THE TASK:
From the line containing "post card and" to the final line of the material below, return every line exactly. Do not include pictures.

INPUT DATA:
>>>

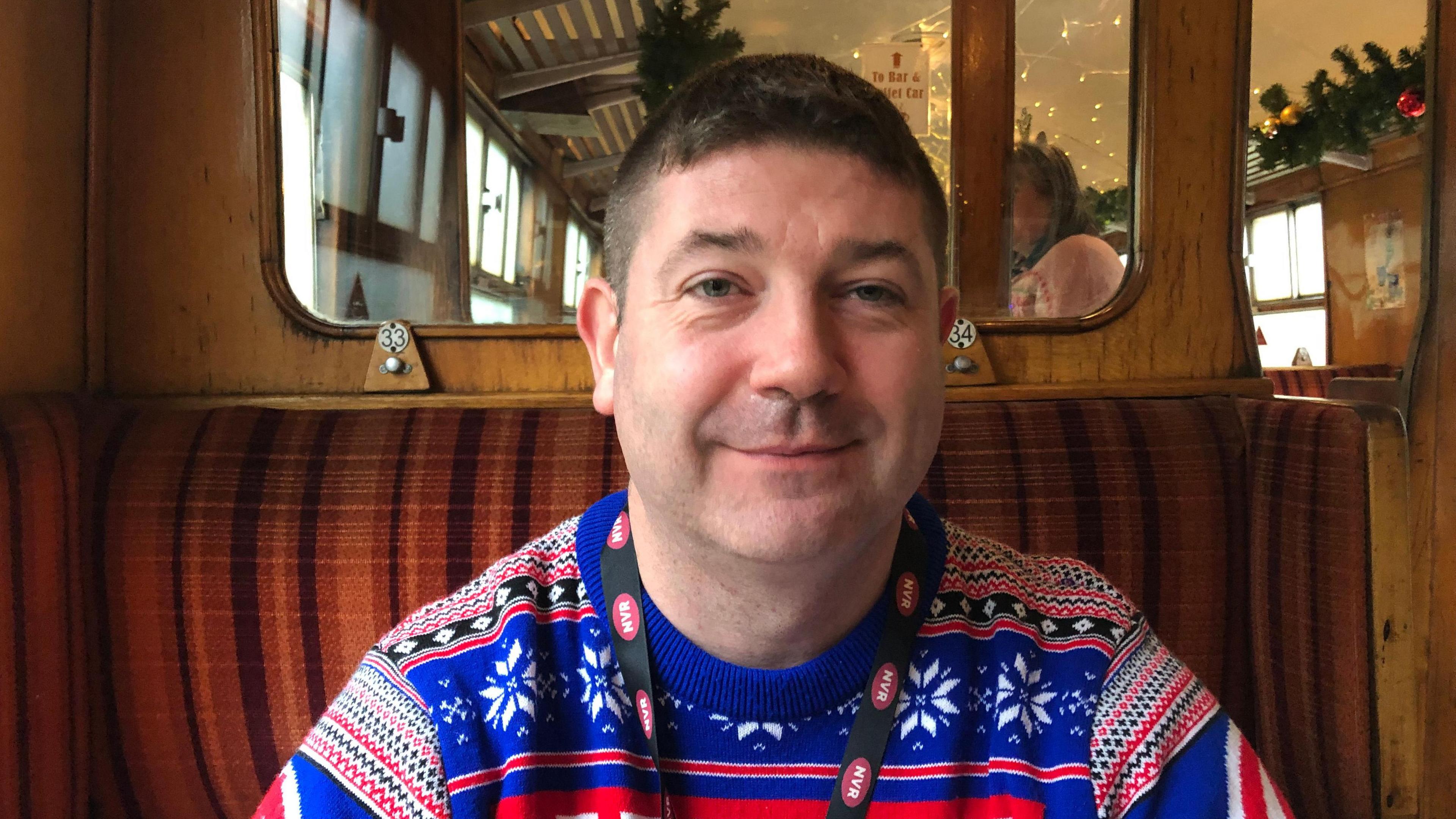 Chris O'Regan has short black hair and is wearing a blue, red and white Christmas jumper, with an icicle pattern on it. He has an NVR lanyard around his neck and is sitting in an old railway carriage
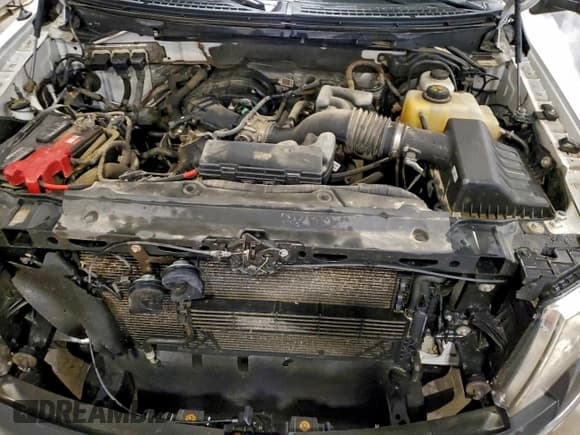 ✅ 2013 Ford F-150 XL • VIN: 1FTEX1EM2DKG33824 • Лот: 94451315. Опубликован ранее на Copart с пробегом 216 350 миль. Бесплатный доступ к архиву аукционных продаж из США и подробный отчёт об истории автомобиля на DreamBid. Изображение 11.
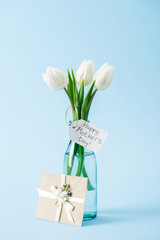 post card and bouquet of white tulips with happy mothers day greeting label on blue background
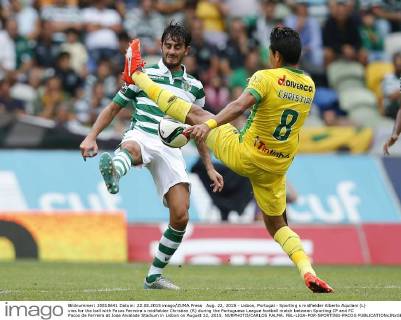 Aug. 22, 2015 - Lisbon, Portugal - Sporting s midfielder Alberto Aquilani (L) vies for the ball with Pacos Ferreira s midfielder Christian (R) during the Portuguese League football match between Sporting CP and FC Pacos de Ferreira at Jose Alvalade Stadium in Lisbon on August 22, 2015. NURPHOTO CARLOS PALMA. FBL-LIGA-POR-SPORTING-PACOS - ZUMAn230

<<<

EXERCISE SOLUTION:
 post card and bouquet of white tulips with happy mothers day greeting label on blue background
 Aug. 22, 2015 - Lisbon, Portugal - Sporting s midfielder Alberto Aquilani (L) vies for the ball with Pacos Ferreira s midfielder Christian (R) during the Portuguese League football match between Sporting CP and FC Pacos de Ferreira at Jose Alvalade Stadium in Lisbon on August 22, 2015. NURPHOTO CARLOS PALMA. FBL-LIGA-POR-SPORTING-PACOS - ZUMAn230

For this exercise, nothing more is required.